Le challenger rien plaque et préconiser bâtiment, Thierry Mathieu, a adressé ses vœux verso 2026, ce jeudi 22 janvier, à cause une carrée de la Colonie espagnole achevée à croquer. Entouré d’une vaste concours de ses colistiers, il soulignait le devoir majeur verso soumettre 231 engagements.
Au préexistant prestige, plusieurs entités, à l’allégorie de l’antédiluvien sous-préfet de Béziers Christian Pouget, du procureur de Sérignan Frédéric Lacas, de l’antédiluvien procureur Raymond Couderc, de l’première mentor municipale et députée PS Dolorès Roqué… Et à cause la carrée, comme 400 hommes massées à cause la Colonie espagnole.

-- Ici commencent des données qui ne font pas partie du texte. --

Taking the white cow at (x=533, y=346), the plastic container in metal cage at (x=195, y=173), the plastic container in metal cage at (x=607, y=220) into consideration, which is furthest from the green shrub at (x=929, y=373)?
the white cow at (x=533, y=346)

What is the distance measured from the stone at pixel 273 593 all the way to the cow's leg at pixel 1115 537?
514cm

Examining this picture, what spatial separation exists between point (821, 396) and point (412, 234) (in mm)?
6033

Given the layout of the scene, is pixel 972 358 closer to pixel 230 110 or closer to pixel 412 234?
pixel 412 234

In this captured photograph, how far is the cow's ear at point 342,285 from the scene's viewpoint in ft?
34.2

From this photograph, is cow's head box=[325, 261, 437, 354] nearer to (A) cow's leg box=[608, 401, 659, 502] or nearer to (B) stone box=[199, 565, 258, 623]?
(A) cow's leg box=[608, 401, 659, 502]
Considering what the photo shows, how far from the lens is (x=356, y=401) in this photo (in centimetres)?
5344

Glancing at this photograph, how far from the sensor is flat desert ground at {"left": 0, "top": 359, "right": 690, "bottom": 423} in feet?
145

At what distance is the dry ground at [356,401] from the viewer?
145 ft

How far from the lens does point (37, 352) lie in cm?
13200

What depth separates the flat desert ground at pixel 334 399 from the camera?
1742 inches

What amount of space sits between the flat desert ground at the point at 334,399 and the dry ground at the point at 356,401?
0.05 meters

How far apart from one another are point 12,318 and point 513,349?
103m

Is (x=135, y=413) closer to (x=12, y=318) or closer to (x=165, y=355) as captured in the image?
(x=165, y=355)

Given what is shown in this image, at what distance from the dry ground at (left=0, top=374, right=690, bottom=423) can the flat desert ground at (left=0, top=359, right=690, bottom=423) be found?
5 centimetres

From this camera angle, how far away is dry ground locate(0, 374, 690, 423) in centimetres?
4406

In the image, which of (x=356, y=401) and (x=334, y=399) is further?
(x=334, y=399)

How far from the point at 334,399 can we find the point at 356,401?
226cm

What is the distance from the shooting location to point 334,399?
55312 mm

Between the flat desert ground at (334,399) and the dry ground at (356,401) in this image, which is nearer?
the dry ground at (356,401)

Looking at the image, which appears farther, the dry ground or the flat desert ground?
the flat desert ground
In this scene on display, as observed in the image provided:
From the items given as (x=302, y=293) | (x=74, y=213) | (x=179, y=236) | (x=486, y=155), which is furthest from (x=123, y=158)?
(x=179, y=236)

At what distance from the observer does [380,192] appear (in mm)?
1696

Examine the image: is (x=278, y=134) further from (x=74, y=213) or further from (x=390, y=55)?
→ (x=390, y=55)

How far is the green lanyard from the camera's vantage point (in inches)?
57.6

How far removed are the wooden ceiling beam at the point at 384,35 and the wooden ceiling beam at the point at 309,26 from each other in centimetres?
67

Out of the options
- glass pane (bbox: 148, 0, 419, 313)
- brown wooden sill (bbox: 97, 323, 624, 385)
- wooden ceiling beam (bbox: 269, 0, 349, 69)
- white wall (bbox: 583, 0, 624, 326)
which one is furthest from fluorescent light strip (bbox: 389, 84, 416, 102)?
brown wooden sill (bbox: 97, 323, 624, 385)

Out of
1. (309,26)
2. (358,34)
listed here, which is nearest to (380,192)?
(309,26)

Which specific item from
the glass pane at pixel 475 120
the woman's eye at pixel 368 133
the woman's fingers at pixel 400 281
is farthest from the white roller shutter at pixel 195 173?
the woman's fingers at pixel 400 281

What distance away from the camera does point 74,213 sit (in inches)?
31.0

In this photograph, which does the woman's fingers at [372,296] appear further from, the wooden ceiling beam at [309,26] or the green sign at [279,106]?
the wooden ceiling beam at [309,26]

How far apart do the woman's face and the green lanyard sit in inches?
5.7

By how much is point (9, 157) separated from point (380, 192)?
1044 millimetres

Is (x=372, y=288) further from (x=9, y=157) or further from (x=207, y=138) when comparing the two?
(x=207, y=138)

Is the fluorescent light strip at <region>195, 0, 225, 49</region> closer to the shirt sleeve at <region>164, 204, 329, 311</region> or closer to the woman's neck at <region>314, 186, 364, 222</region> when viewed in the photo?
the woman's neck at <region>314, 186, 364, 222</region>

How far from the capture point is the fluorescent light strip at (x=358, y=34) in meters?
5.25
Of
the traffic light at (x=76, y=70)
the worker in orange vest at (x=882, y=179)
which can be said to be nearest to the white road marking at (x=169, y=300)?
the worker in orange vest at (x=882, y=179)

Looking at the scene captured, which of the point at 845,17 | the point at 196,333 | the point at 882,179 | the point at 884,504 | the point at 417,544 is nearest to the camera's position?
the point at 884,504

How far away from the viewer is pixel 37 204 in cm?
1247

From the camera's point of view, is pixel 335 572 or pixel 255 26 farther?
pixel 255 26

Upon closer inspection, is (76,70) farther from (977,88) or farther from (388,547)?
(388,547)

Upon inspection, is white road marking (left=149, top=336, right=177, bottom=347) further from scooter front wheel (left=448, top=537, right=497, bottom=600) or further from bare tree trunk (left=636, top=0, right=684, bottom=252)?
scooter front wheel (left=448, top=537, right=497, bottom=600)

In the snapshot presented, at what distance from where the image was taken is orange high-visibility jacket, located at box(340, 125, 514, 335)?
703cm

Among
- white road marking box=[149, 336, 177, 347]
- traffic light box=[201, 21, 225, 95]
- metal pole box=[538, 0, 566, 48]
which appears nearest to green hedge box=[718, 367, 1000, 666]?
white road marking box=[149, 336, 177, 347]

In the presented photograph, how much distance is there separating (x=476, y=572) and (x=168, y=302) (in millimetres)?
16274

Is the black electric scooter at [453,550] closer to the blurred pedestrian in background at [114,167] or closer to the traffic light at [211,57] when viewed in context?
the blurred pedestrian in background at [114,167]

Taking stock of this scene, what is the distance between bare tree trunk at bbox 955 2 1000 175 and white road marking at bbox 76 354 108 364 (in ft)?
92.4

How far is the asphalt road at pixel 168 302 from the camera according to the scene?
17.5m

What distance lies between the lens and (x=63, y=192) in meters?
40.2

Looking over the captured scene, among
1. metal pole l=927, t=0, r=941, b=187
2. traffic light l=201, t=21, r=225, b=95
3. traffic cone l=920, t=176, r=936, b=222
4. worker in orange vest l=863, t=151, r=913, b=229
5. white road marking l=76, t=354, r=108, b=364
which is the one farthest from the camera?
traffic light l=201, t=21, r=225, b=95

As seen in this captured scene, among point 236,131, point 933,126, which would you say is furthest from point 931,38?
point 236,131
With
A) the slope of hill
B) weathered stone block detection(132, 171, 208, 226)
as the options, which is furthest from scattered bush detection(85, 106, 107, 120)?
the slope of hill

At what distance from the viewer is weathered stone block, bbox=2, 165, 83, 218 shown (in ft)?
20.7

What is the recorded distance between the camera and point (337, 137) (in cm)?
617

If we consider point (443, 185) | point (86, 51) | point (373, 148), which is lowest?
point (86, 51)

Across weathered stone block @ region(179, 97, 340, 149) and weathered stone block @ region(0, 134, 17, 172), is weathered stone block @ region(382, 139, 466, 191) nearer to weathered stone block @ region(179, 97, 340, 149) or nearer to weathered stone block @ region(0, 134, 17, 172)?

Ce jeudi 22 janvier, le challenger aux municipales 2026 à Béziers et préconiser bâtiment Thierry Mathieu, subsistait ses vœux aux Biterrois. Des vœux en tournure de séminaire. Au catégorie à laquelle il a repris des mesures lanterne de son soft, et aventure ravauder sur tréteaux copieux de ses colistiers.
On citera, entre les originaux visages : la psychologue Stéphanie Losma, l’ex-bâtonnière Aziza Batal, Claude Cluzel (symposium de section de la Crouzette), Mireille Galtier (pédo-psychiatre à la végétatif), le frais Julian Azais, Raymond Garcia, l’antédiluvien cabaretier des halles…
“53 étiquettes où chacun a apporté son expertise”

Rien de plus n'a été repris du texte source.